Model Downloads for Translation

Collection Models on HuggingFace - IndicTrans2

Below is a table summarizing the available models for different translation tasks:

Task	Variant	Model Name	VRAM Size	Download Command
Indic to English	200M (distilled)	indictrans2-indic-en-dist-200M	950 MB	`huggingface-cli download ai4bharat/indictrans2-indic-en-dist-200M`
	1B (base)	indictrans2-indic-en-1B	4.5 GB	`huggingface-cli download ai4bharat/indictrans2-indic-en-1B`
English to Indic	200M (distilled)	indictrans2-en-indic-dist-200M	950 MB	`huggingface-cli download ai4bharat/indictrans2-en-indic-dist-200M`
	1B (base)	indictrans2-en-indic-1B	4.5 GB	`huggingface-cli download ai4bharat/indictrans2-en-indic-1B`
Indic to Indic	320M (distilled)	indictrans2-indic-indic-dist-320M	950 MB	`huggingface-cli download ai4bharat/indictrans2-indic-indic-dist-320M`
	1B (base)	indictrans2-indic-indic-1B	4.5 GB	`huggingface-cli download ai4bharat/indictrans2-indic-indic-1B`

Running with FastAPI Server

You can run the server using FastAPI:

with GPU

python src/translate_api.py --port 7860 --host 0.0.0.0 --device cuda --use_distilled

with CPU only

python src/translate_api.py --port 7860 --host 0.0.0.0 --device cpu --use_distilled

Evaluating Results

You can evaluate the translation results using curl commands.
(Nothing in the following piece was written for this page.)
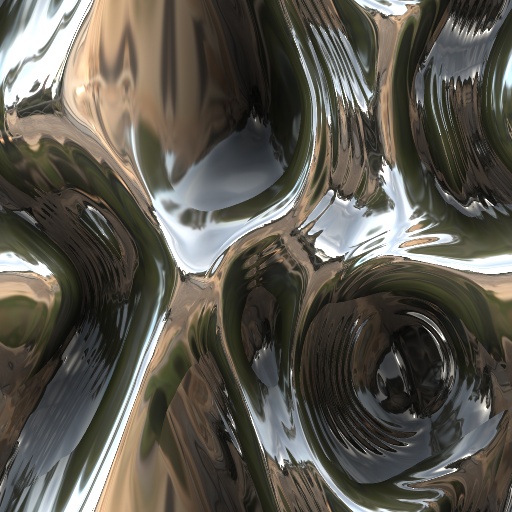 Variation 7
Here are some examples:

English to Kannada

curl -X 'POST' \
  'http://localhost:7860/translate?tgt_lang=kan_Knda&src_lang=eng_Latn&device_type=cuda' \
  -H 'accept: application/json' \
  -H 'Content-Type: application/json' \
  -d '{
  "sentences": [
    "Hello, how are you?", "Good morning!"
  ],
  "src_lang": "eng_Latn",
  "tgt_lang": "kan_Knda"
}'

Response:

{
  "translations": [
    "ಹಲೋ, ಹೇಗಿದ್ದೀರಿ? ",
    "ಶುಭೋದಯ! "
  ]
}

Kannada to English

curl -X 'POST' \
  'http://localhost:7860/translate?src_lang=kan_Knda&tgt_lang=eng_Latn&device_type=cuda' \
  -H 'accept: application/json' \
  -H 'Content-Type: application/json' \
  -d '{
  "sentences": [
    "ನಮಸ್ಕಾರ, ಹೇಗಿದ್ದೀರಾ?", "ಶುಭೋದಯ!"
  ],
  "src_lang": "kan_Knda",
  "tgt_lang": "eng_Latn"
}'

Response:

{
  "translations": ["Hello, how are you?", "Good morning!"]
}

Kannada to Hindi

curl -X 'POST' \
  'http://localhost:7860/translate?src_lang=kan_Knda&tgt_lang=eng_Latn&device_type=cuda' \
  -H 'accept: application/json' \
  -H 'Content-Type: application/json' \
  -d '{
  "sentences": [
    "ನಮಸ್ಕಾರ, ಹೇಗಿದ್ದೀರಾ?", "ಶುಭೋದಯ!"
  ],
  "src_lang": "kan_Knda",
  "tgt_lang": "eng_Latn"
}'

Response

Hindi to Kannada

CPU

curl -X 'POST' \
  'http://localhost:7860/translate?src_lang=kan_Knda&tgt_lang=eng_Latn&device_type=cpu' \
  -H 'accept: application/json' \
  -H 'Content-Type: application/json' \
  -d '{
  "sentences": [
    "ನಮಸ್ಕಾರ, ಹೇಗಿದ್ದೀರಾ?", "ಶುಭೋದಯ!"
  ],
  "src_lang": "kan_Knda",
  "tgt_lang": "eng_Latn"
}'

Response

{
  "translations": [
    "Hello, how are you?",
    "Good morning!"
  ]
}

Build Docker Image

GPU

docker build -t slabstech/indic_translate_server -f Dockerfile .

CPU only

docker build -t slabstech/indic_translate_server_ -f Dockerfile.cpu .

References

IndicTrans2 Paper
AI4Bharat IndicTrans2 Model
AI4Bharat IndicTrans2 GitHub Repository
IndicTransToolkit
Extra - pip install git+https://github.com/VarunGumma/IndicTransToolkit.git

Contributing

We welcome contributions! Please read the CONTRIBUTING.md file for guidelines on how to contribute to this project.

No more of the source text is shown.